PROBLEM STATEMENT = Give back, word for word, the line that contains "Cameron Diaz feet photo thumbnail" and every line that follows it in the data below.

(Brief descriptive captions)
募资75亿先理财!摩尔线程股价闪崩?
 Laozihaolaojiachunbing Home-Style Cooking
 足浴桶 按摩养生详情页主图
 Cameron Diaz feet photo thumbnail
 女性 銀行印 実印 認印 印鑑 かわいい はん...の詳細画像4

TASK RESULT =
 Cameron Diaz feet photo thumbnail
 女性 銀行印 実印 認印 印鑑 かわいい はん...の詳細画像4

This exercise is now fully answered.